Auch die Attacke im kenianischen Garissa dient offenbar der Vergeltung. Doch anders, als sie signalisieren soll, dürfte die Aktion kein Zeichen der Stärke sein: al-Shabaab, die zeitweise den größten Teil von Süd- und Zentralsomalia kontrolliert hat, ist durch die Offensive der AU-Truppen mit US-Unterstützung stark unter Druck geraten. Wichtige Städte, auch die Hauptstadt Mogadischu, sind unter der Kontrolle der somalischen Armee und ihrer Verbündeten. Zuletzt wurde der für die Miliz wichtige Bezirk Masjid Ali Gadud im Süden zurückerobert, die USA haben einen mutmaßlichen Drahtzieher der Westgate-Anschläge und al-Shabaab-Strategen erst kürzlich per Drohne getötet.
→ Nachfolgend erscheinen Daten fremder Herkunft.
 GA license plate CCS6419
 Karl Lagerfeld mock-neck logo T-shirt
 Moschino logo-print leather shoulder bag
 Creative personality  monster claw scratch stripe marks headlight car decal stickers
Innerhalb der al-Shabaab scheint zudem ein Richtungsstreit ausgebrochen zu sein. Im Herbst vergangenen Jahres hat Washington den als unangefochten geltenden al-Shabaab-Anführer Ahmed Abdi Godane eliminiert, sein Nachfolger, Ahmed Umar, soll nicht dieselbe Unterstützung genießen. Zwar hat sich die Gruppe Anfang 2012 offiziell zum Terrornetzwerk al-Qaida bekannt. Mit dem Aufstieg des Islamischen Staates (IS) und besonders nach dem Treueeid der Boko Haram in Nigeria gegenüber dem IS sollen aber die Stimmen lauter geworden sein, die fordern, sich ebenfalls dem IS anzuschließen. Das soll auf Widerstand bei der Mehrheit der Kämpfer stoßen, die den Feind nur in der somalischen Regierung sehen und keiner globalen Jihad-Agenda anhängen.
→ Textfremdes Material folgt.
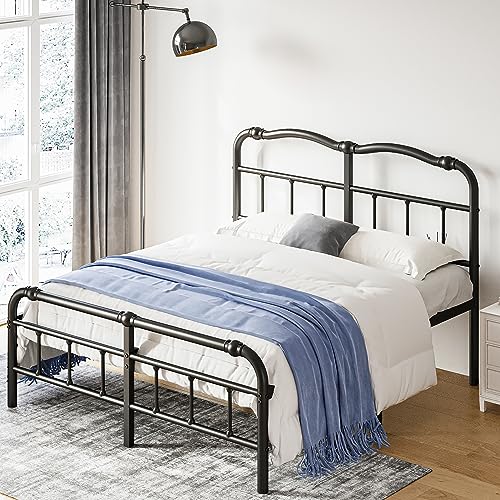 EZBeds King Size Bed Frame with Headboard and Footboard, 14 Inch High, Heavy Duty Bed Frame No Box Spring Needed, Easy Assembly, Noise-Free, Under Bed Storage, Black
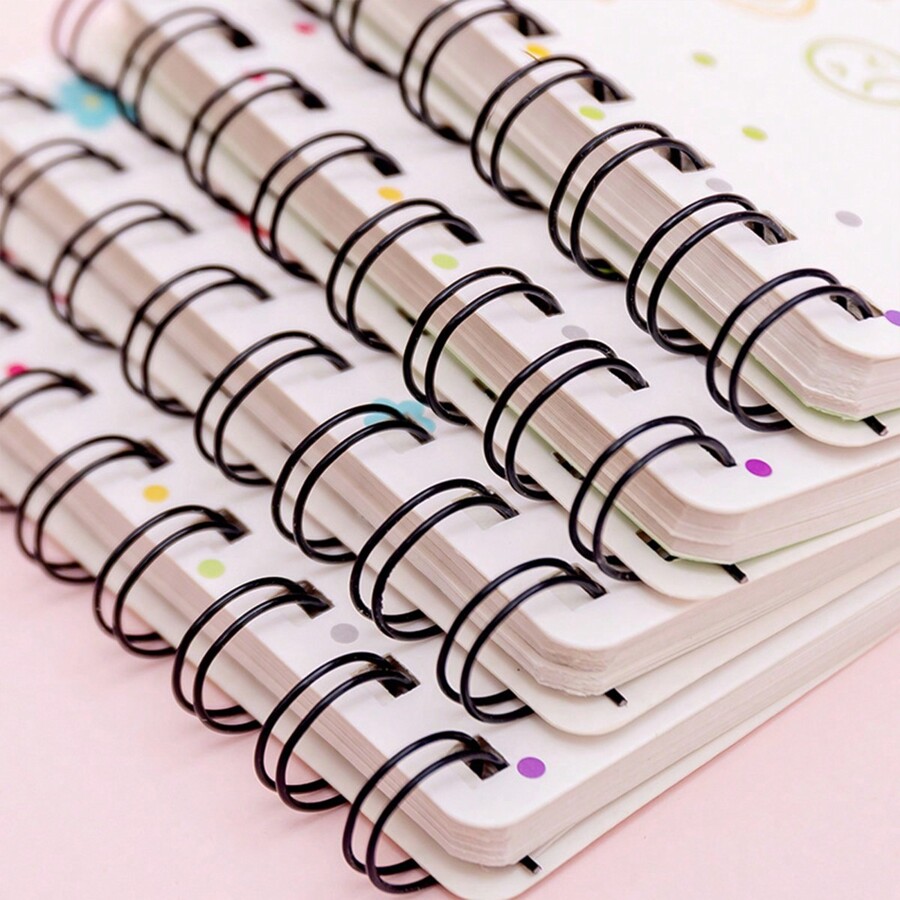 Floral Pattern Side Flip Spiral Notebook, Mini Portable Looseleaf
Angesichts der häufigen Angriffe – und des darniederliegenden Tourismussektors – hat die kenianische Regierung unter Präsident Uhuru Kenyatta erst vergangene Woche angekündigt, die Kontrollen an der Grenze zu Somalia zu verstärken, mit Pufferzonen, elektronischer Überwachung und verstärkten Patrouillen. „Sollten doch Terroristen in unser Land kommen, dann können sie nicht mehr raus, weil wir sie festnehmen“, hat ein Sprecher des Innenministeriums großspurig angekündigt.

Marginalisierte Muslime

Damit verkennt die Regierung jedoch, dass die al-Shabaab auch in kenianischen Gemeinden Unterstützung genießt. Die 4,3 Millionen Muslime im Land – das entspricht elf Prozent der Bevölkerung – werden seit Langem benachteiligt und diskriminiert, was sich selbst in Regierungsberichten nachlesen lässt. Auf Anschläge haben die Sicherheitskräfte mit teils brutalen kollektiven Bestrafungsaktionen gegen Einwanderer und ganze Bevölkerungsgruppen reagiert – das alles hat sich die Terrorgruppe zunutze gemacht.
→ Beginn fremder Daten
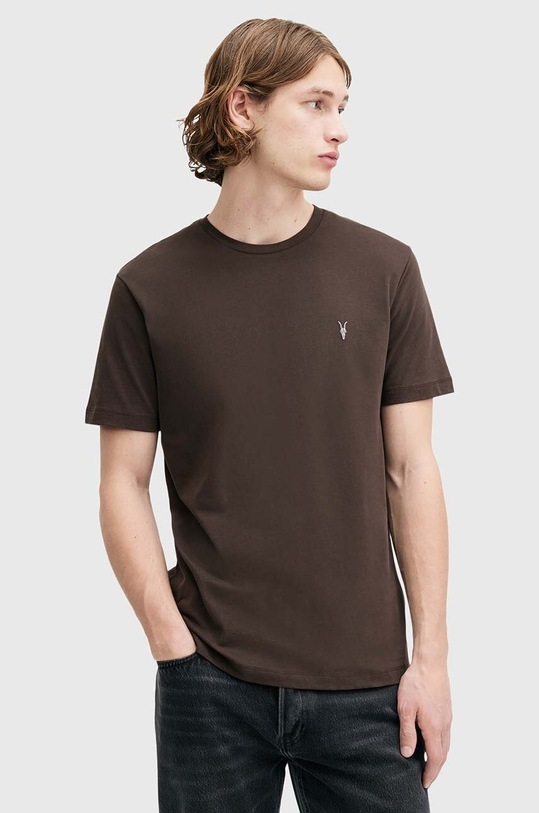 AllSaints t-shirt bawełniany BRACE bawełna brązowy M030JB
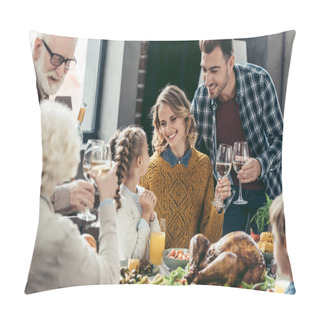 Personality  Family Having Holiday Dinner Pillow Covers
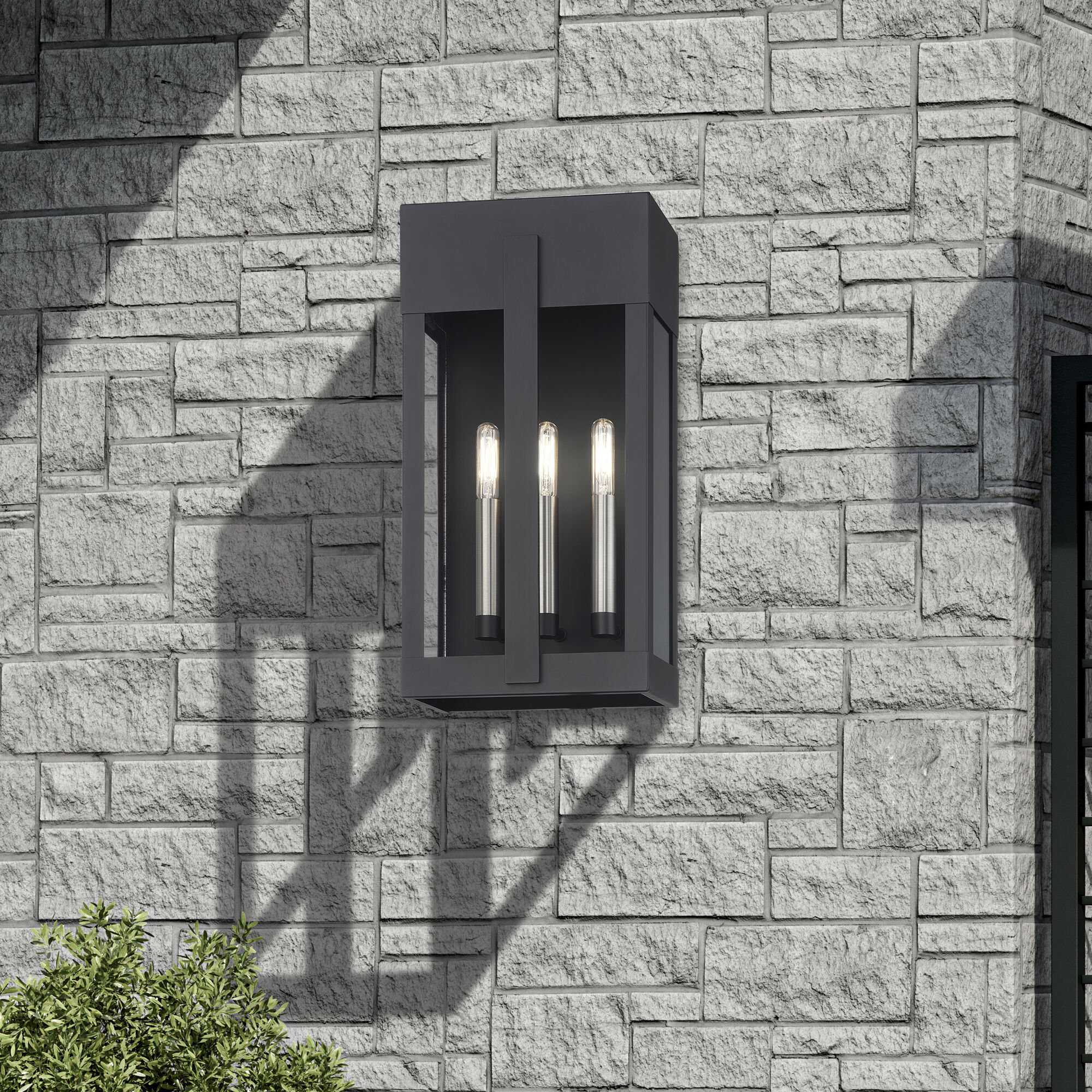 Berksford 3 Light 17 inch Black with Brushed Nickel Candles Outdoor Wall Lantern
Afrikas große Terrororganisationen al-Shabaab und Boko Haram sind durch afrikanische Militäraktionen deutlich geschwächt worden. Doch wie im vernachlässigten Norden Nigerias, wo der neu gewählte Präsident Muhammadu Buhari der Boko Haram gerade den Kampf angesagt hat, ist der Terrorismus auch in Somalia und seinen Nachbarstaaten nicht durch rein militärische Maßnahmen zu gewinnen.

AUF EINEN BLICK

Die Terrorgruppe al-Shabaab verübt seit Jahren Anschläge in Kenia und anderen Staaten, die sich an der Mission der Afrikanischen Union in Somalia beteiligen. Beim bisher größten Anschlag in Kenia auf ein Einkaufszentrum starben 2013 in Nairobi fast 70 Menschen.